The funny thing is, I really wanted to be friends with these people and there was nothing actually standing in my way except me just not knowing how to be normal in any capacity. So when I finally sat down to write out all the lyrics I wanted to really emphasize the contradictory nature of this kind of anxiety where it has you running for the hills to get away from everyone but only because you so desperately want to connect with people and care far too much about every minor interaction just hoping it will be good. Then you convince yourself it’s all gone horribly wrong when you’re probably the only one even thinking that. It’s so silly, you know? So I wanted the song to kind of poke fun at the ironic nature of that feeling while also containing that frantic, on-the-brink-of-a-panic-attack energy.””

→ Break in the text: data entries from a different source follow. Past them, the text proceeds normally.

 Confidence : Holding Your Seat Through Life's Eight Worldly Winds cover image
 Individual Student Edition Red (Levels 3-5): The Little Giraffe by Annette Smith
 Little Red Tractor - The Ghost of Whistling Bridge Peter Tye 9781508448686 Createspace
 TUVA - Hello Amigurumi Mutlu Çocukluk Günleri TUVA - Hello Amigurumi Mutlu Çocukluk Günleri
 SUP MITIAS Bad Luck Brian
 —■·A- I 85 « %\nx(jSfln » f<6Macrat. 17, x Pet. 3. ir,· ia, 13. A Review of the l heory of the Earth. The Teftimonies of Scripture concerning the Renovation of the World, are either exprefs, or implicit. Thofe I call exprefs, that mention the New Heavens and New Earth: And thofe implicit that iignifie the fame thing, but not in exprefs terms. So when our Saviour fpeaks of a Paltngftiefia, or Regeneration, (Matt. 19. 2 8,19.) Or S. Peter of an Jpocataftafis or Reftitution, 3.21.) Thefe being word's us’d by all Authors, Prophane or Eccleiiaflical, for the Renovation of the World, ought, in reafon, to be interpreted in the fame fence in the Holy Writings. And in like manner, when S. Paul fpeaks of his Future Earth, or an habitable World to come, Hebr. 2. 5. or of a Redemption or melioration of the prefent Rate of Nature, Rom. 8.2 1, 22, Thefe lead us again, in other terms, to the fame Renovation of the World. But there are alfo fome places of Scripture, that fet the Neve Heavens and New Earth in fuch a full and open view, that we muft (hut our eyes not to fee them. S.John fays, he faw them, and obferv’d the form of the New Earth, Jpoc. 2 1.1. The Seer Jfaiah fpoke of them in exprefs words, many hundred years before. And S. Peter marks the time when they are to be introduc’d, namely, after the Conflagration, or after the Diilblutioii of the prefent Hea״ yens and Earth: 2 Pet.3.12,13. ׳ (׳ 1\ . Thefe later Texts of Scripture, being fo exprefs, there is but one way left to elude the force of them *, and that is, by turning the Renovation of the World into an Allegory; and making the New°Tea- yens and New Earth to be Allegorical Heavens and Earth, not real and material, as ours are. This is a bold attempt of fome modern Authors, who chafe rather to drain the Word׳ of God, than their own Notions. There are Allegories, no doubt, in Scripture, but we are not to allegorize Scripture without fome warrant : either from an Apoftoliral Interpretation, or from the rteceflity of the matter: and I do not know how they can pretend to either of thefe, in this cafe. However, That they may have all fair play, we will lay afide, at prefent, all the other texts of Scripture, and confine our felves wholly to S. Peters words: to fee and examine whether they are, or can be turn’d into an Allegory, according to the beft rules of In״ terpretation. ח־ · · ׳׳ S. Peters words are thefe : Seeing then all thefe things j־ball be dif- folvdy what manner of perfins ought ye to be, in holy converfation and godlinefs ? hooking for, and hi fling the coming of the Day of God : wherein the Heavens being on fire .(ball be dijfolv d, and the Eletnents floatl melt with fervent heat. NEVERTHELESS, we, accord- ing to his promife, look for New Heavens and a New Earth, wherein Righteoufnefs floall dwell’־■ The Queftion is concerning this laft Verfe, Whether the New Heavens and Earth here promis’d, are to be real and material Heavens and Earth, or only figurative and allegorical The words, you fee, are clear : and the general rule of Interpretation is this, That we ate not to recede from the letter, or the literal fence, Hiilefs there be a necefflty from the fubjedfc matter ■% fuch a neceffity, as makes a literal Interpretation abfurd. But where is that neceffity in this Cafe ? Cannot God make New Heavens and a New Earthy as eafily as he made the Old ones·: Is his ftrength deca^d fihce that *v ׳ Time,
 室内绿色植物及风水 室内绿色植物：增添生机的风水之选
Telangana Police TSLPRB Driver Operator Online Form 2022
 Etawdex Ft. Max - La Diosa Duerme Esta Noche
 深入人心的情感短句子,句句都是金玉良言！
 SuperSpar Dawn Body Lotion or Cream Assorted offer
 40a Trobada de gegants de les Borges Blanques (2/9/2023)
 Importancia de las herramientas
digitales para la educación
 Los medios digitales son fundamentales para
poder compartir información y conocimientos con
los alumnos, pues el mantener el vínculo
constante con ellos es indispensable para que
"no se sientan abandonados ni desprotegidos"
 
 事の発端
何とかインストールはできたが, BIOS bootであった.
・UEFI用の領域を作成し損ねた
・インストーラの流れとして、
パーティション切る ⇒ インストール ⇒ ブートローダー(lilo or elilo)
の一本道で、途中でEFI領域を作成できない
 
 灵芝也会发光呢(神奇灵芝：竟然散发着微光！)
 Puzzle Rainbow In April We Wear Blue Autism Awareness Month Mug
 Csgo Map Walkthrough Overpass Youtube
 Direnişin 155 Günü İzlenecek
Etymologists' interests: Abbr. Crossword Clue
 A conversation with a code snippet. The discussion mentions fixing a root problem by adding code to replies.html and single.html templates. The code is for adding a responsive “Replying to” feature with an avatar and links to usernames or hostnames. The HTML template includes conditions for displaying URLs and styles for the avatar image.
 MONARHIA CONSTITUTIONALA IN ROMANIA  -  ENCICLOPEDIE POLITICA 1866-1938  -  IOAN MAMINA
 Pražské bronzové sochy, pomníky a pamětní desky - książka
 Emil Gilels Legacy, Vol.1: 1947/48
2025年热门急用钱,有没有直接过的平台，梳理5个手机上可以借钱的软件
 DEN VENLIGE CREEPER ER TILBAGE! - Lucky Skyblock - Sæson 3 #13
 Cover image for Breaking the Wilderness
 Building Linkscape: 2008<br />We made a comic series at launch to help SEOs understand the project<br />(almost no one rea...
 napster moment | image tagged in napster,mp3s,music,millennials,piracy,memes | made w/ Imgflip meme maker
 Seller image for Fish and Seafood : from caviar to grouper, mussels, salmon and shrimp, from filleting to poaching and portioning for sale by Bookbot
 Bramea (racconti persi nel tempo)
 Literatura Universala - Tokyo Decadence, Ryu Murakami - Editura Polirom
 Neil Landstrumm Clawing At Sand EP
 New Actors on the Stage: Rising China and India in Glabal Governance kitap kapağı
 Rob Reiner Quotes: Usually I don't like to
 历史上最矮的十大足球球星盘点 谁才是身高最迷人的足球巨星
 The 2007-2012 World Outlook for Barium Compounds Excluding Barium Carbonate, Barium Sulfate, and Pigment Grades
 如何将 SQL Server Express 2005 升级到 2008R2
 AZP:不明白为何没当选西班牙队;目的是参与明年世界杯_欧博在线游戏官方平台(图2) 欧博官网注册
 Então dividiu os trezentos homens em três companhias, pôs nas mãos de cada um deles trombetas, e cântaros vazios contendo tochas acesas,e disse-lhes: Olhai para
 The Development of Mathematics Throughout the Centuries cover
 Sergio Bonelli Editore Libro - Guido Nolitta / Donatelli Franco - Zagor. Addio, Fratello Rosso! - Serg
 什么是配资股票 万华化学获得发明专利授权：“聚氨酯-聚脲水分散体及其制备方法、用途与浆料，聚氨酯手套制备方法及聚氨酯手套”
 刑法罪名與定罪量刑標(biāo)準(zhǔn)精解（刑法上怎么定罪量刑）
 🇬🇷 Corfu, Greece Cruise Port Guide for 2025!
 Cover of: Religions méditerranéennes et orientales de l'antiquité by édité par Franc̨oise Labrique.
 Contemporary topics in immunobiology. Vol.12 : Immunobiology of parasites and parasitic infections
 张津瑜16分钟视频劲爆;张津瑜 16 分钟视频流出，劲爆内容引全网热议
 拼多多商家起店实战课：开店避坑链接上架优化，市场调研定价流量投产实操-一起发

First off care to introduce yourself to our readers?
Hi, I’m Leah. Most days you’ll find me acting in thrilling adventure films, orating paradigm-shifting speeches that will transform the world, and other awe-inspiring activities. Although if you exist outside of my mind you’ll likely just see me tripping over my laundry and using the blunt end of a butter knife to stir my tea because I’ve failed to keep up with the dishes yet again, all the while, my latest comfort show (currently old reruns of Big Wolf on Campus) plays from the next room because my emotional stability falls apart if it’s silent.
Tell us a bit about your recent release.
At its heart, this song is about the cruel ironies of social anxiety. It’s when you care so much about other people’s thoughts and feelings and give all the weight to them in the world but you don’t trust your own perceptions and thoughts. The fear of potentially getting hurt causes you to self-sabotage or not even try and so you spend time alone and lonely because sadness feels safer than anxiety. Sometimes we’re brave enough to choose to push through anxiety for the potential to connect and feel alive and other times we run away and write a song in the car on the way home.
How do you typically go about the songwriting process? Do you have a specific method or creative routine that you follow?
It all just depends on what inspires me really. Sometimes it’s a lyric idea that I then try to make a melody out of, sometimes it’s a musical idea that I just loop until I figure out what subject matter fits the vibe. Heck, sometimes I wake up with a song in my head and I think, jeez, I better finish this since my dream just gifted it to me. Sometimes it’s more frustrating too and I really want to write about something and the initial idea feels good but nothing I come up with seems quite right so I just put it away until an idea strikes me that does feel good. Sometimes that’s the next day, sometimes it’s a year later. I’ve never really tried to maintain a routine or work ethic about it because I was lucky enough to naturally cultivate this practice when I was in middle school and it all felt like curious and excited play and through that unintentional practice the desire to write and play comes regularly and naturally to me now and I’d like to keep songwriting feeling like a joyous time to play so I try not to turn it into work. If I’ve ever really needed to write a song for commission or a deadline I’ve always been able to, so if I don’t have to, I just let it happen!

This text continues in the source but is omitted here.